And, you know, I don't know.
To me, that that is a recipe for not good.
Yeah, I was on team trade the pick for a long time because I just think that what you could
have gotten for that pick specifically and where you were at in your team building process.
There's multiple suitors.
Yeah.
You could have, I mean, you could have gotten an amount of draft capital that could, you could
have rebuilt the supporting cast before you drop the quarterback into it.
I think so highly of Drake May, though, that it's hard for me to blame a team drafting
Drake May and not wanting to go into the quarterback unknown in 2025 and beyond.
I want to see this.
I would like to see them slow play the Drake May part of this, because I do have enough
questions about the supporting cast where I,
I think dropping Drake May behind that offensive line and with those receivers for 17 games as a rookie
would ultimately be detrimental to Drake May's development.
I would not mind seeing Jacoby Percette for half or maybe even more of this season.
I think that would be totally fine for where the Patriots are at.
So if they do that, if Jacoby Percett starts 10 to 12 games this year and we just see a little
bit of Drake May to get him on the field, but they don't risk kind of creating scar tissue with him
in year one.

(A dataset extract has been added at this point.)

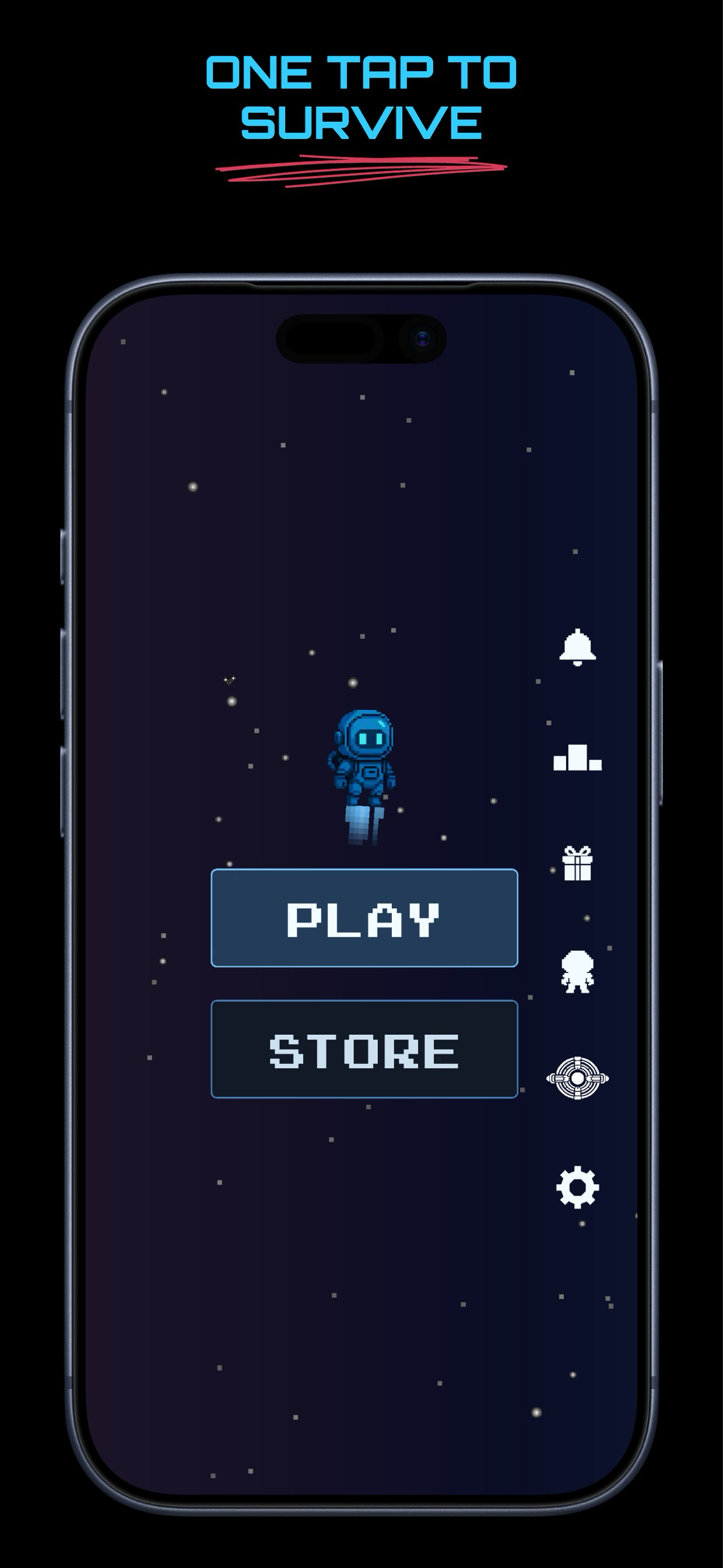 Battery Robot space gameplay screenshot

I think I'm fine with this offseason and that quarterback development plan overall.
Sure. If you almost pull a reverse Browns, you don't play the quarterback, you take your lumps,
you go, whatever it is, two and 15, three and, I can't do math anymore, three and 14, and then,
you know, you get a top five pick next year in a class that may not be necessarily quarterback heavy,
but really talented with, you know,
other players of positions you might need.
And then you start Drake May.
I'm okay with that if that's the express plan.
And to your point,
I think that if the two people who are calling me on draft day
and saying,
I want Drake May are Brian Dable and Kevin O'Connell,
I'd be like, oh, if these guys really like them,
then, you know, I probably shouldn't give them up.

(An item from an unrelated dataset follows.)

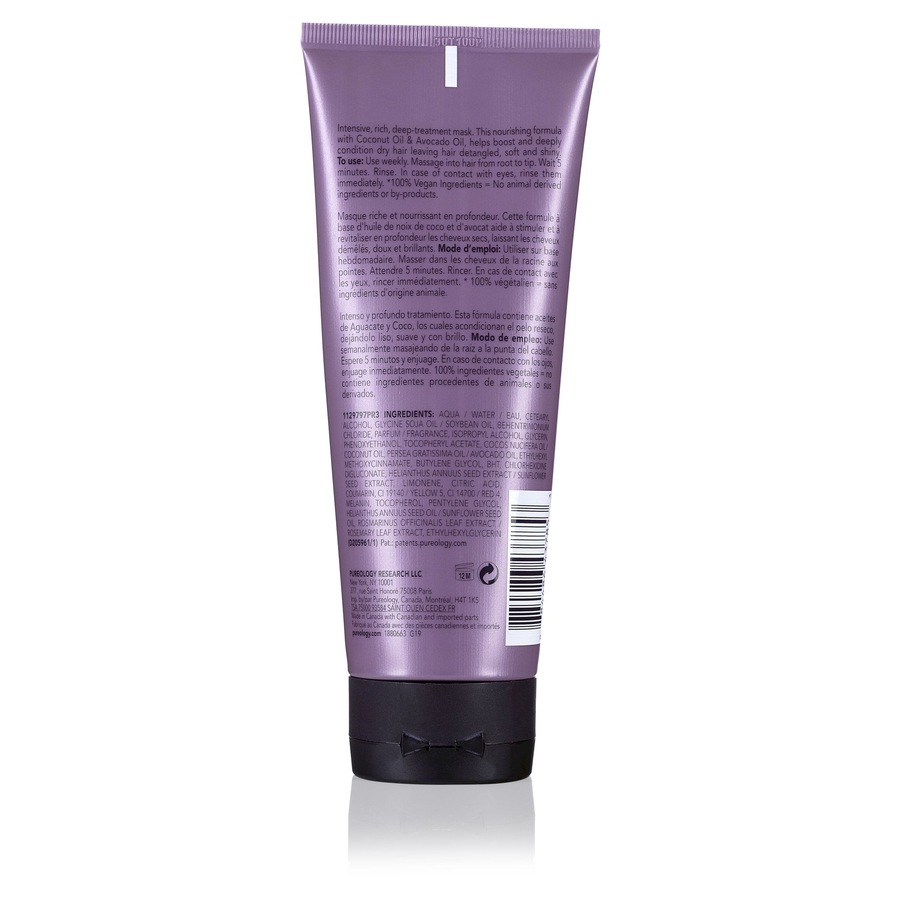 Pureology Hydrate Superfood Treatment intensely moisturizes and softens hair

I just think it's going to be hard to find a guy
who's that talented down the road.
And I don't love Jane Daniels the same way that you did.
If Jane Daniels is the third of,
overall pick, I would have traded that pick and moved on to the next quarterback class.
Because guess what? We didn't know Jane Daniels was going to be a part of this one.
There are guys like Jayden Daniels pretty much every single year. I don't think Drake May is in
that group of quarterbacks or in that conversation. And that's why I'm okay with it.
The thing that I is the reason I'm tepidly buying it. It's mostly, when I say typically buying it,
I don't have a huge problem with it the same way that other people do. And that's the lack of
aggression overall. I'm fine with them not spending what is.
it would have taken to get Calvin Ridley and kind of leaving yourself open to other options moving
forward. Let's say you have a top five pick next year and you want a draft receiver. Great.
Let's say you have an ocean of cap space next year, which they're going to, and T. Higgins becomes a
free agent. Would you rather have T. Higgins at the Calvin Ridley price or Calvin Ridley, who's going to be 30?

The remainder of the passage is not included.